◆ INPUT DATA ◆
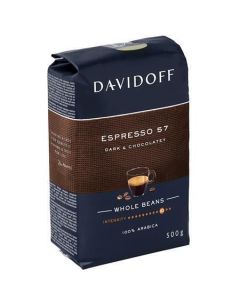 Káva "Espresso 57", pražená, zrnková, 500 g, DAVIDOFF 491538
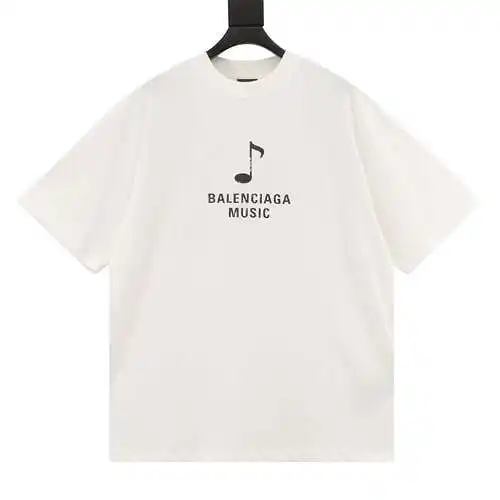 BLCG 24SS musical note logo musician high-definition direct-printed short-sleeved T-shirt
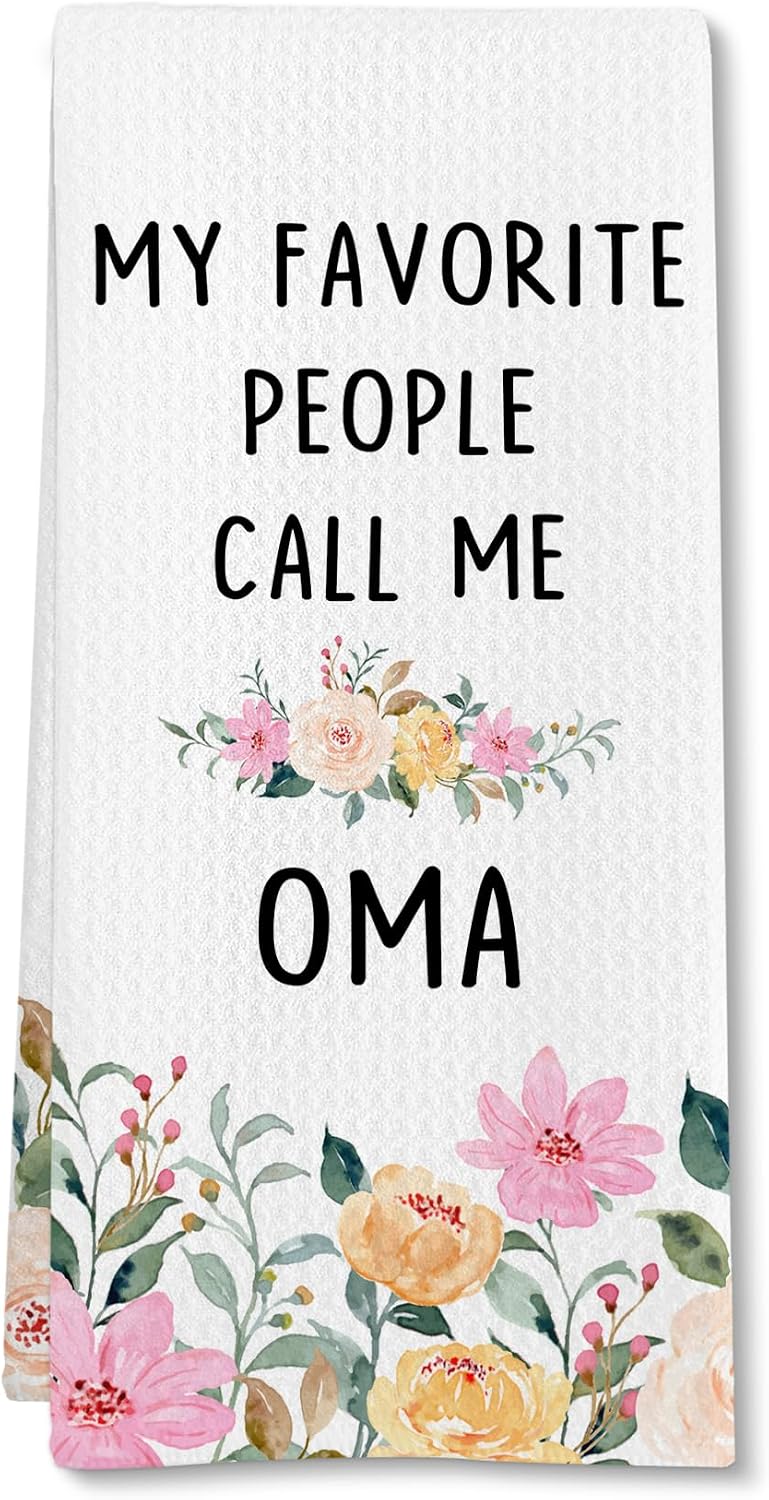 Nan Gifts for Grandma Kitchen Towels, Christmas Mothers Day Birthday Gift for Nans from Grandkids Hand Towel, My Favorite People Call Me Nan Decorative Tea Dish Towels for Kitchen, 16x24in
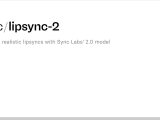 Lipsync 2 Sync Labs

◆ INSTRUCTIONS TO FOLLOW ◆
Exclude all images and return the listing word for word.

◆ RESPONSE TO THIS EXERCISE ◆
 Káva "Espresso 57", pražená, zrnková, 500 g, DAVIDOFF 491538
 BLCG 24SS musical note logo musician high-definition direct-printed short-sleeved T-shirt
 Nan Gifts for Grandma Kitchen Towels, Christmas Mothers Day Birthday Gift for Nans from Grandkids Hand Towel, My Favorite People Call Me Nan Decorative Tea Dish Towels for Kitchen, 16x24in
 Lipsync 2 Sync Labs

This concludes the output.